Data section Start Marker

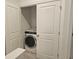 Laundry closet with washer and white bi-fold doors at 1309 Bennett Creek Ovlk, Suwanee, GA 30024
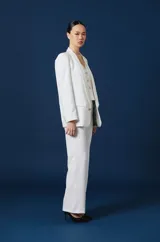 Saco de mujer color bordó con solapas redondeadas, cierre frontal de un botón dorado y bolsillos laterales con solapa. Presenta un parche decorativo en la manga izquierda y un broche metálico en la solapa.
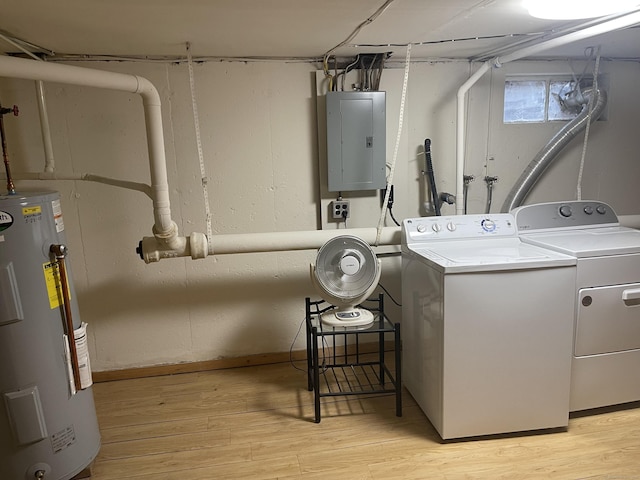 273 Queen St Apt 15E, Southington, CT 06489 - laundry room with water heater, light wood finished floors, laundry area, independent washer and dryer, and electric panel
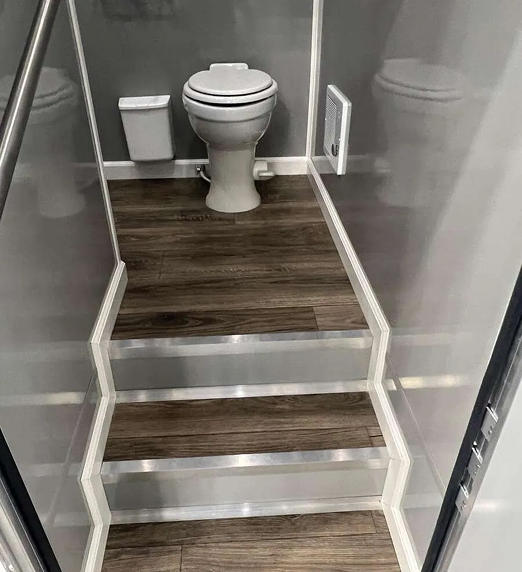 portable-restroom-trailer-interior-steps-toilet-colorado
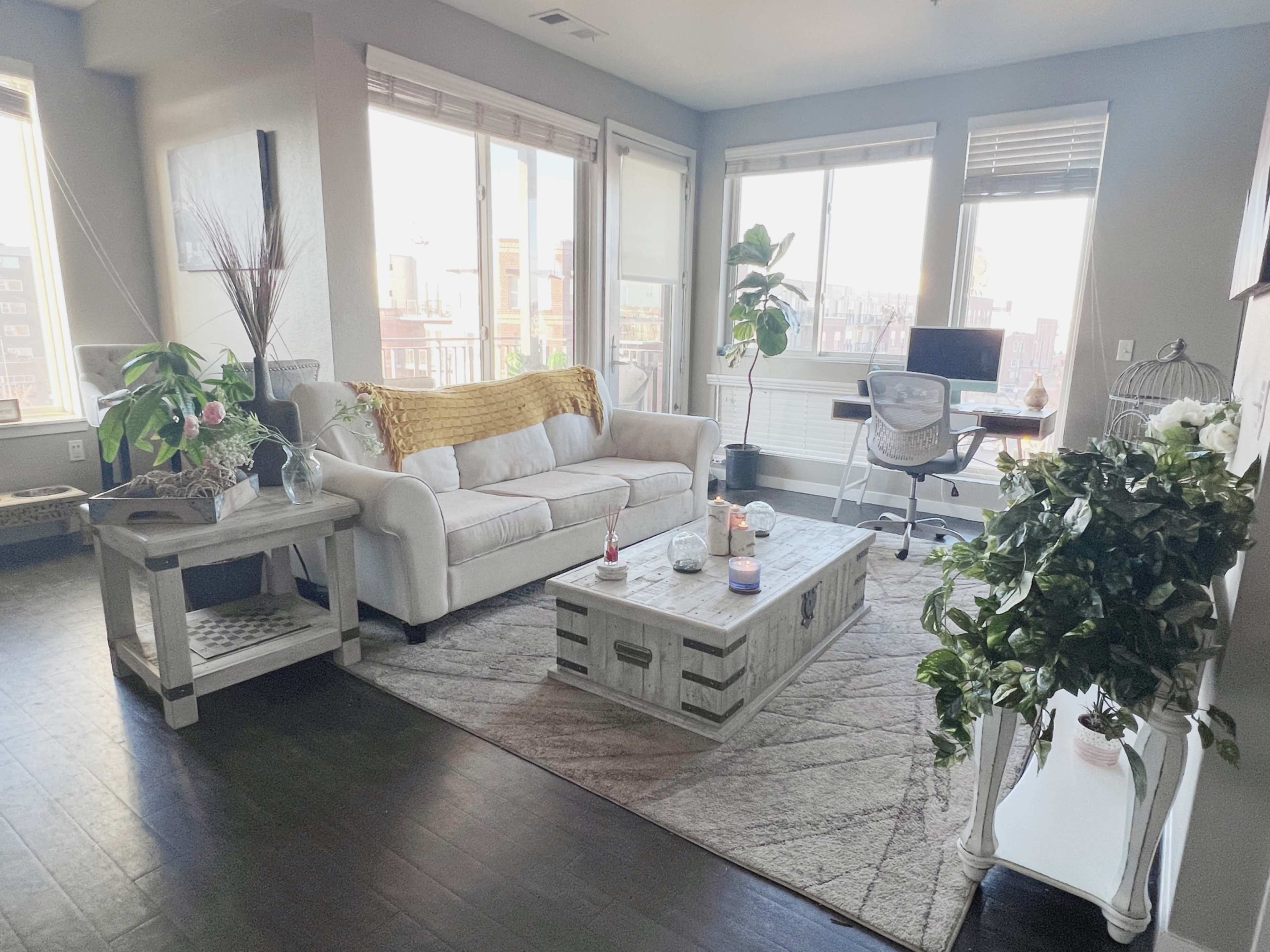 A bright living room with a white couch, a wooden coffee table, potted plants, and a desk with a chair near large windows.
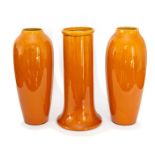 A new pair of Bretby Art Pottery baluster vases with yellow glaze decoration and a similarly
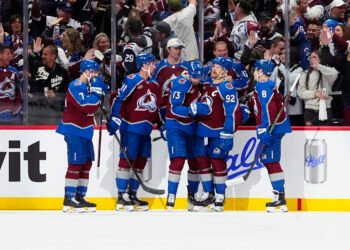 May 1, 2025; Denver, Colorado, USA; Colorado Avalanche right wing Valeri Nichushkin (13) (center) celebrates his goal with defenseman Devon Toews (7), defenseman Cale Makar (8),left wing Gabriel Landeskog (92), defenseman Cale Makar (8) and center Brock Nelson (11) in the first period against the Dallas Stars in game six of the first round of the 2025 Stanley Cup Playoffs at Ball Arena. Mandatory Credit: Ron Chenoy-Imagn Images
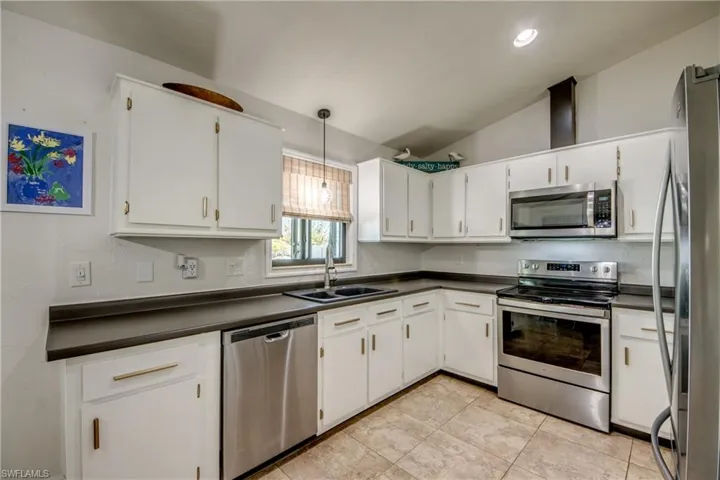 Kitchen featuring stainless steel appliances, lofted ceiling, decorative light fixtures, white cabinetry, and dark countertops
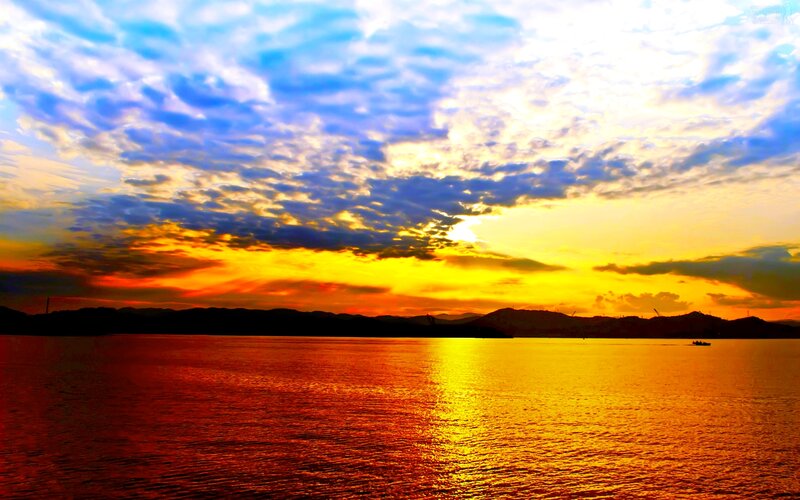 Sunset over Water — Yellow, Dramatic, Photograph, Mountains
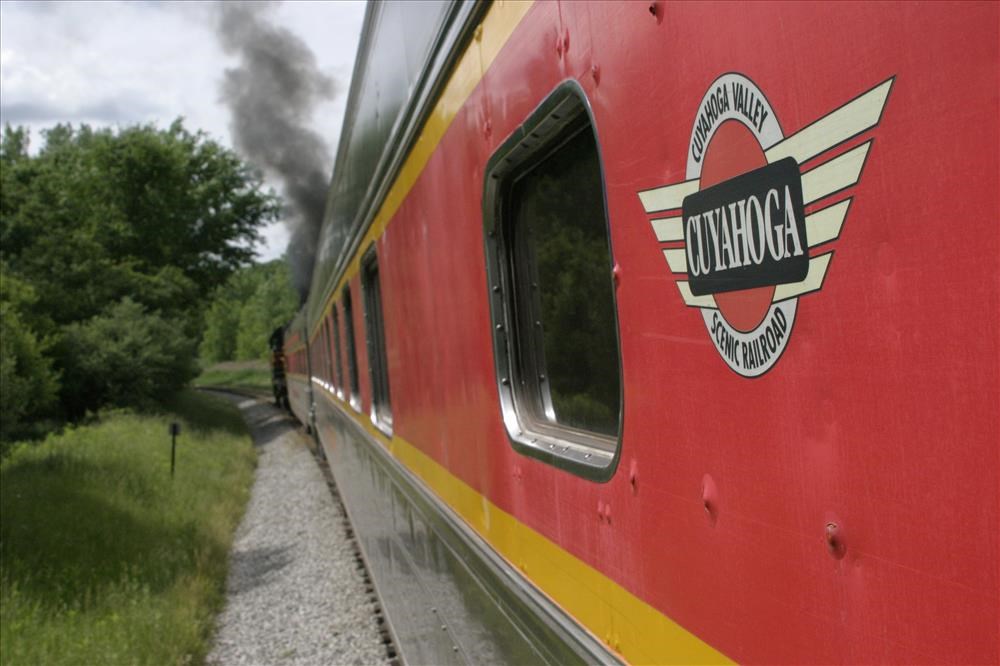 Smoke rises from a train as it follows tracks through the Cuyahoga Valley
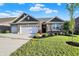 Charming single Gathering home with a well-manicured lawn and a three car garage at 6153 Dugan Dr, Whitestown, IN 46075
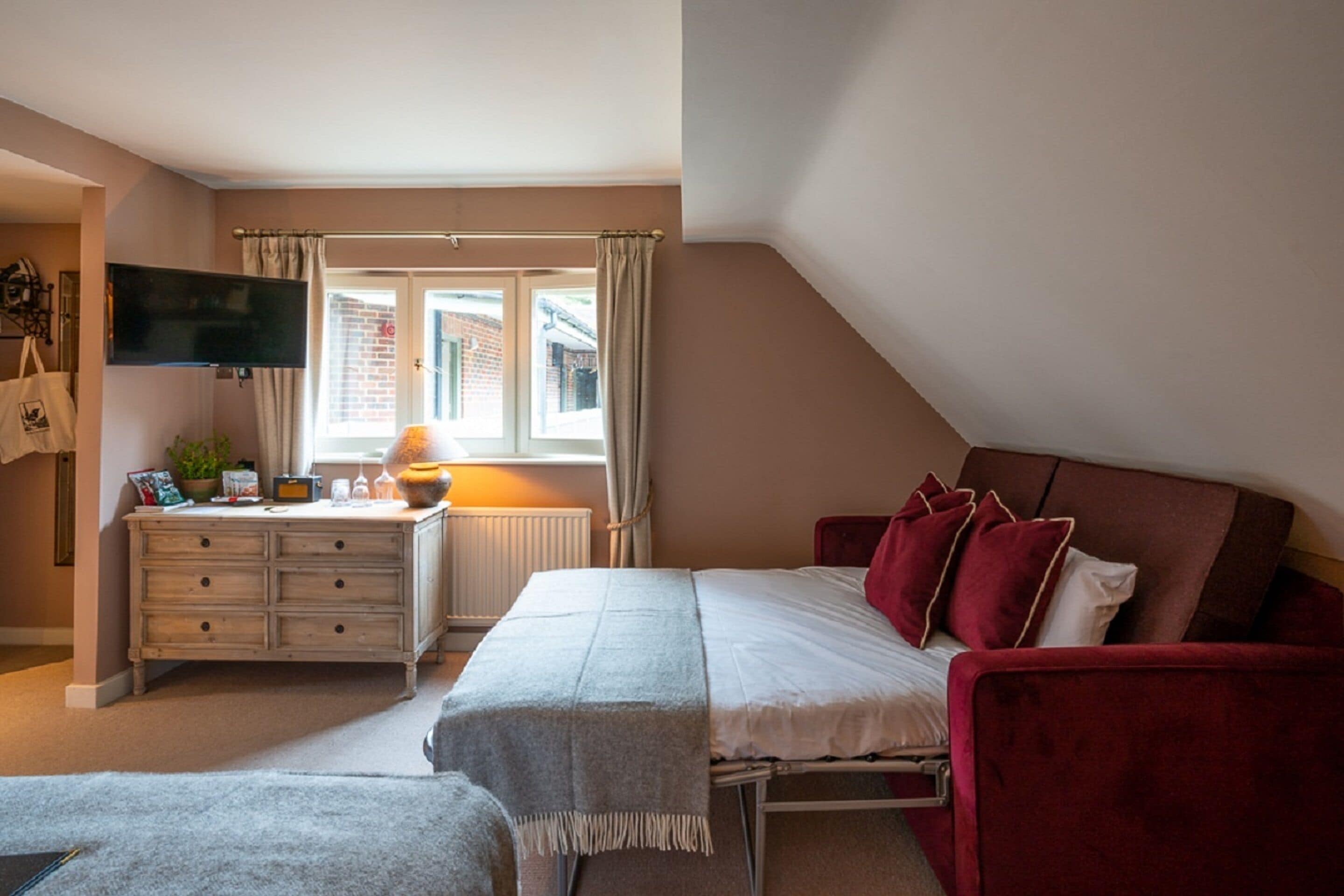 Un dormitorio con cama, escritorio, televisor y ventana con cortinas.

Data section End Marker

▶ _What the exercise asks_: Output exactly those lines of the data above that run from the line with "A new pair of" up to and including the line with "Smoke rises from". No pictures go in.

▶ _Your solution_:
 A new pair of Bretby Art Pottery baluster vases with yellow glaze decoration and a similarly
 May 1, 2025; Denver, Colorado, USA; Colorado Avalanche right wing Valeri Nichushkin (13) (center) celebrates his goal with defenseman Devon Toews (7), defenseman Cale Makar (8),left wing Gabriel Landeskog (92), defenseman Cale Makar (8) and center Brock Nelson (11) in the first period against the Dallas Stars in game six of the first round of the 2025 Stanley Cup Playoffs at Ball Arena. Mandatory Credit: Ron Chenoy-Imagn Images
 Kitchen featuring stainless steel appliances, lofted ceiling, decorative light fixtures, white cabinetry, and dark countertops
 Sunset over Water — Yellow, Dramatic, Photograph, Mountains
 Smoke rises from a train as it follows tracks through the Cuyahoga Valley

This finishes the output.